▼

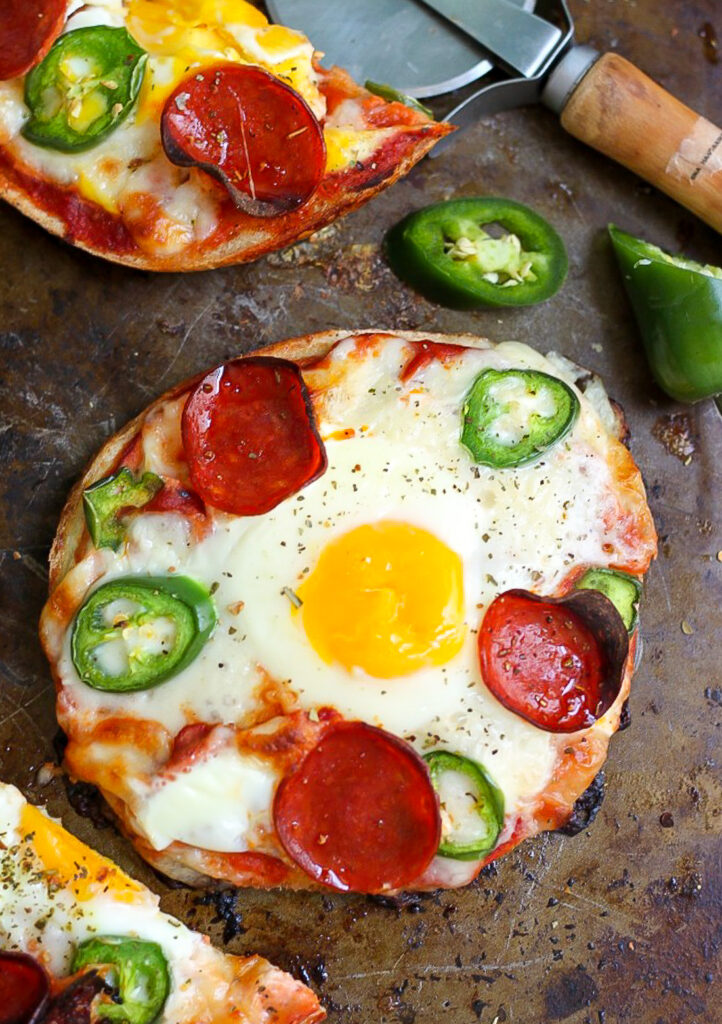 Breakfast Pizza Bagels - Baker by Nature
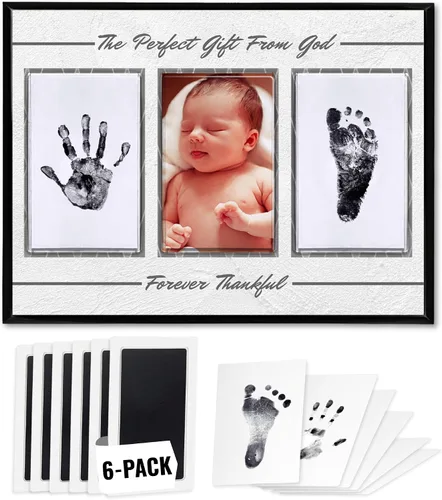 Miniatura 11 de Kit de manos y huellas sin tinta, placa de recuerdo de bebé y regalos de baby shower, ideal como regalo de mamá, marcos de fotos de guardería, kit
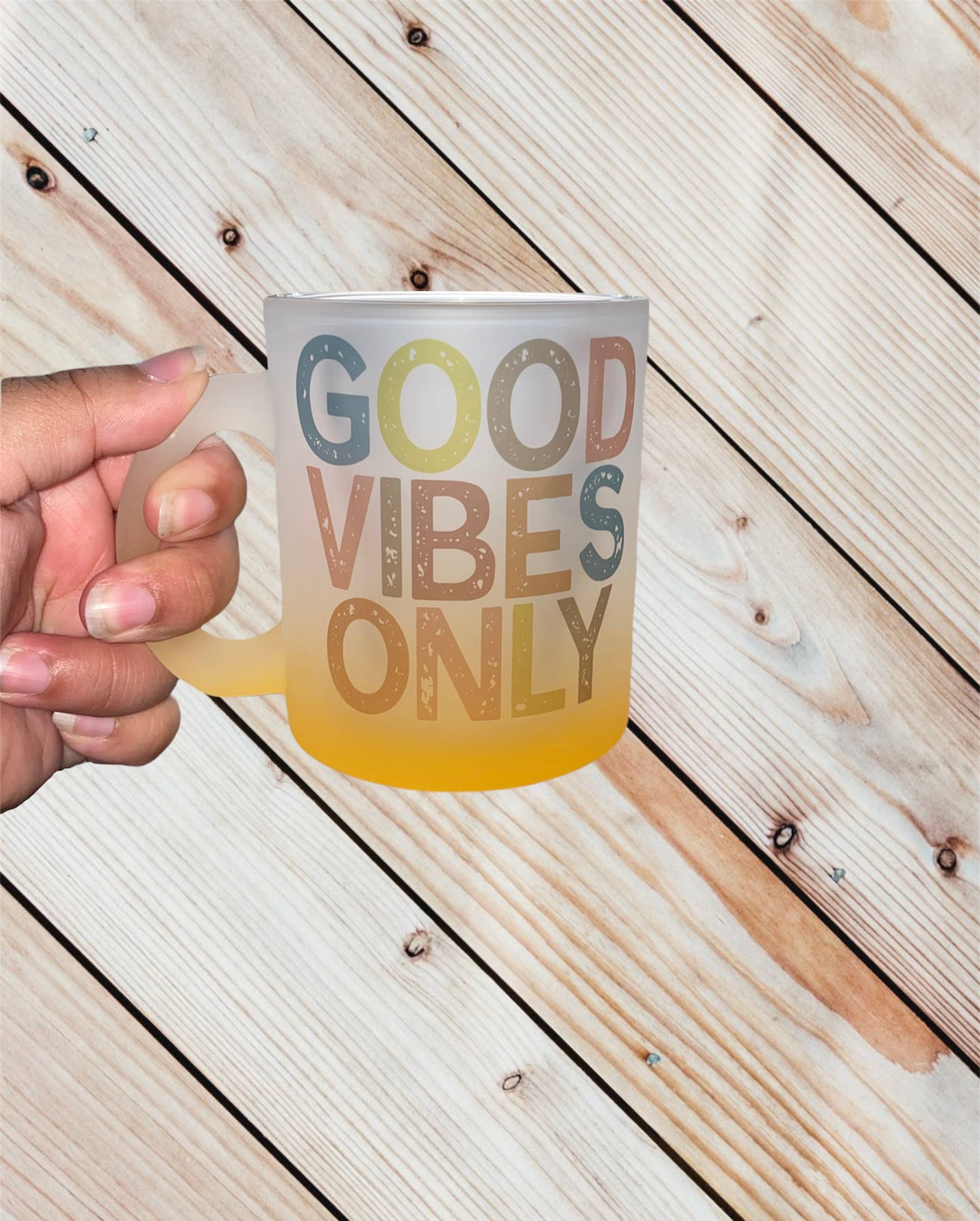 D2JCrafts - Wholesale Coffee Mug - Good Vibes Only Frosted Ombré Yellow Coffee Mug8
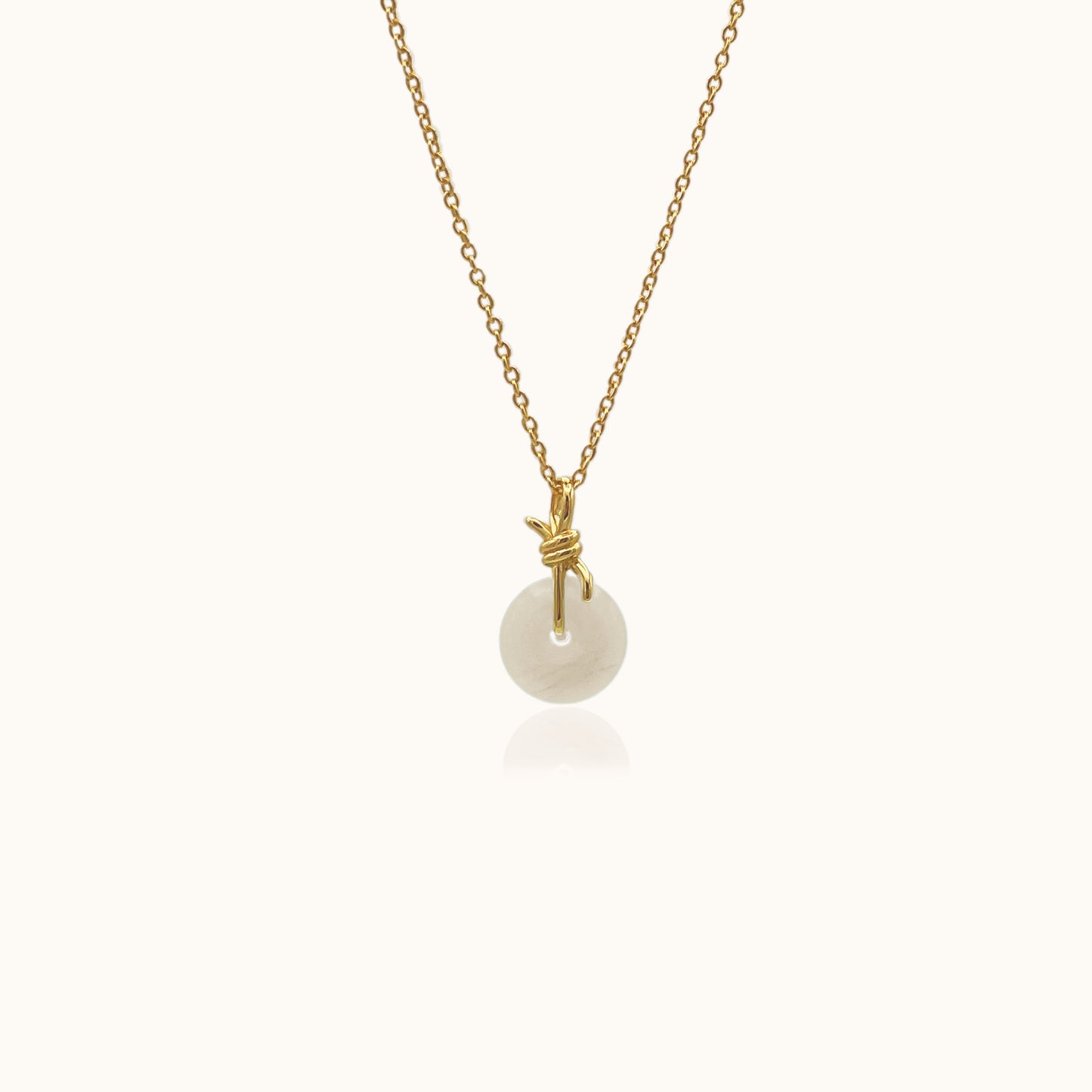 Knot Necklace with White Jade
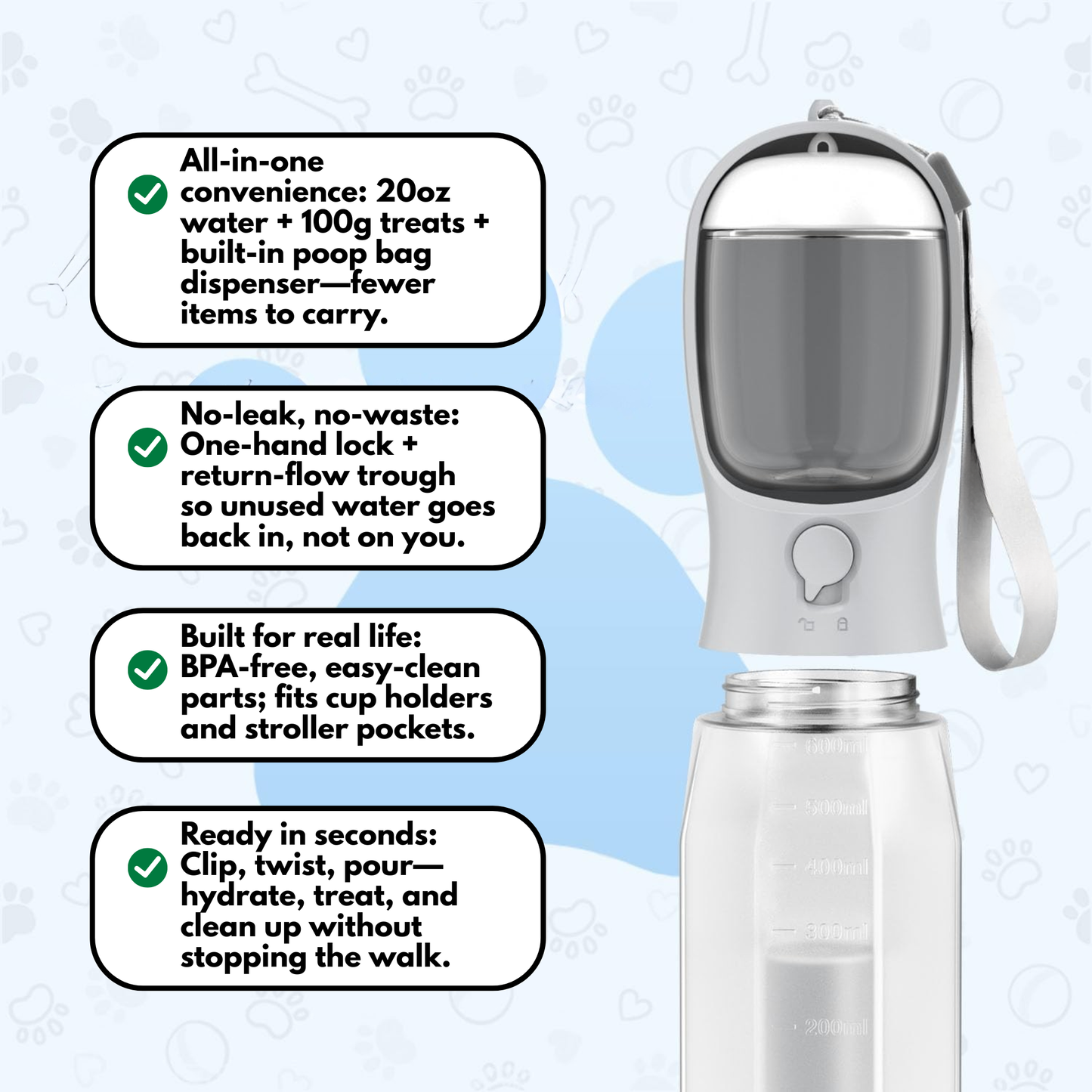 Finally, The Pet Bottle That Does It All — Hydrate, Feed & Clean Instantly 🐾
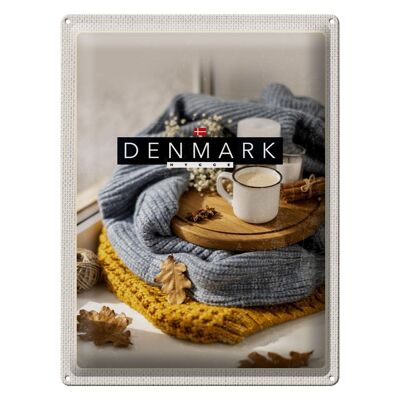 Cartel de chapa de viaje 30x40cm Dinamarca suéter de lana taza canela en rama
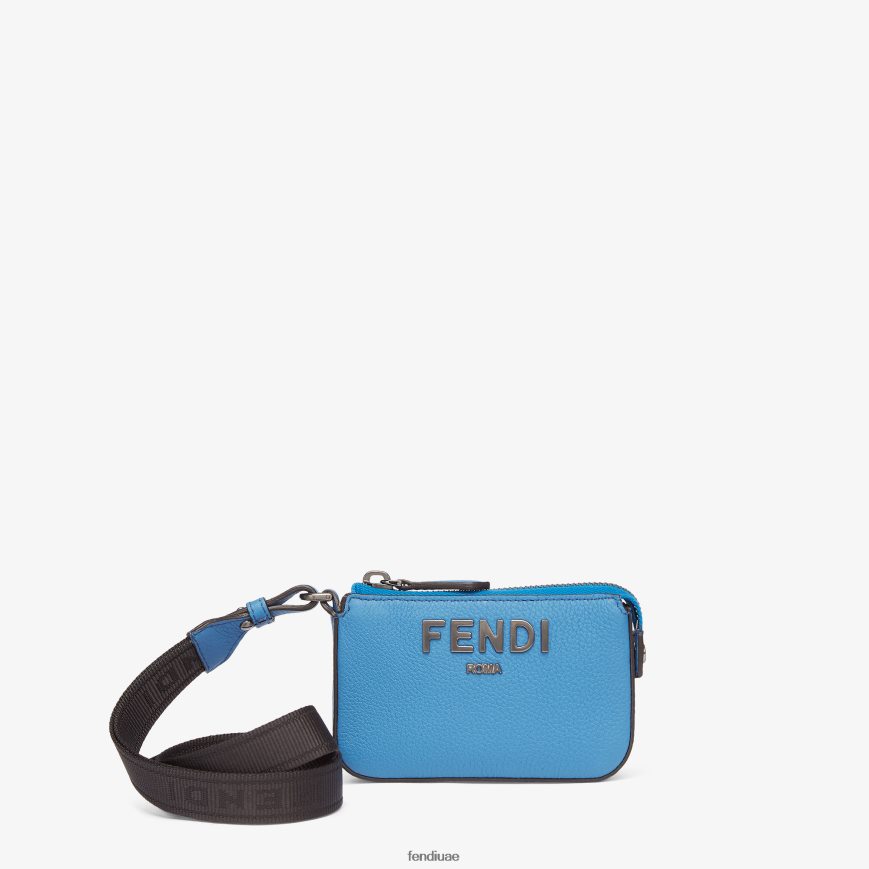 محفظة النقود الجلدية أزرق فاتح Fendi رجال مُكَمِّلات TNL80L2616
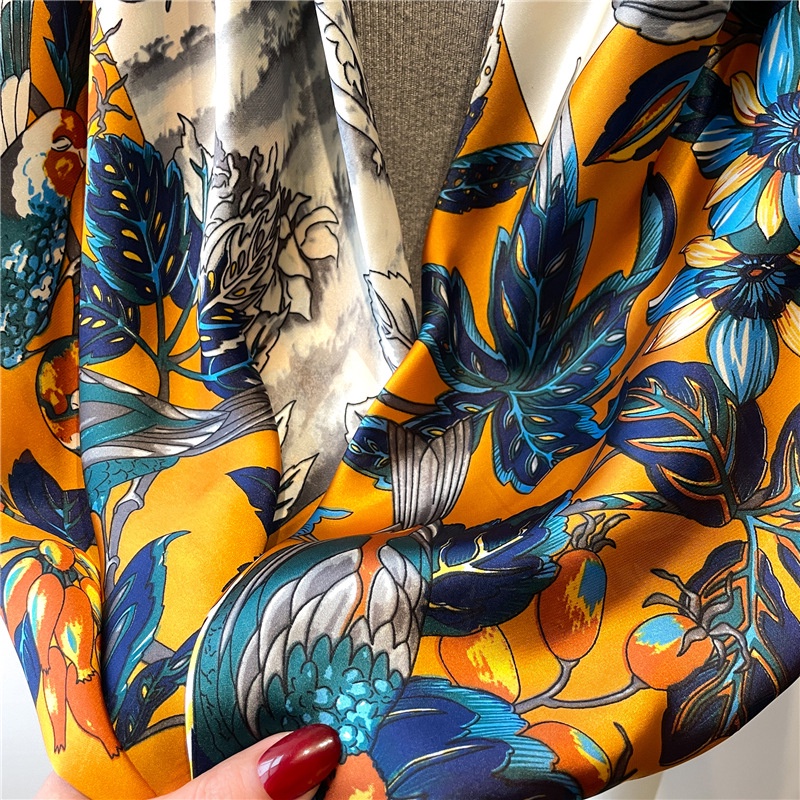 Khăn Choàng Vuông Cỡ Lớn 110cm Bằng Satin Họa Tiết Hoa Và Chim Thời Trang Mùa Hè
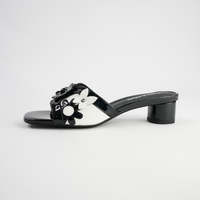 Hetti Black/ White Patent Leather Heels
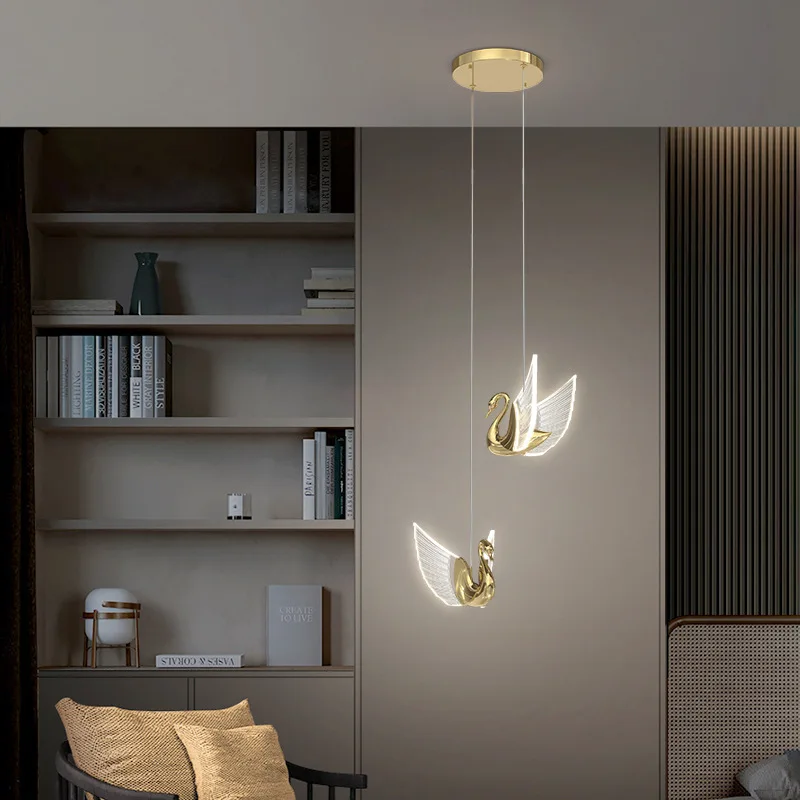 Swan LED Pendant Light Indoor Nordic Lighting For Home Living Room Decor Dining Tables Lights Bedside Bedroom Hanging Lamp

▲

**ASSIGNED TASK**
Your answer should consist solely of the lines from the line with "D2JCrafts - Wholesale" to the final line of the listing, set down word for word, pictures omitted.

**PROBLEM SOLUTION**
 D2JCrafts - Wholesale Coffee Mug - Good Vibes Only Frosted Ombré Yellow Coffee Mug8
 Knot Necklace with White Jade
 Finally, The Pet Bottle That Does It All — Hydrate, Feed & Clean Instantly 🐾
 Cartel de chapa de viaje 30x40cm Dinamarca suéter de lana taza canela en rama
 محفظة النقود الجلدية أزرق فاتح Fendi رجال مُكَمِّلات TNL80L2616
 Khăn Choàng Vuông Cỡ Lớn 110cm Bằng Satin Họa Tiết Hoa Và Chim Thời Trang Mùa Hè
 Hetti Black/ White Patent Leather Heels
 Swan LED Pendant Light Indoor Nordic Lighting For Home Living Room Decor Dining Tables Lights Bedside Bedroom Hanging Lamp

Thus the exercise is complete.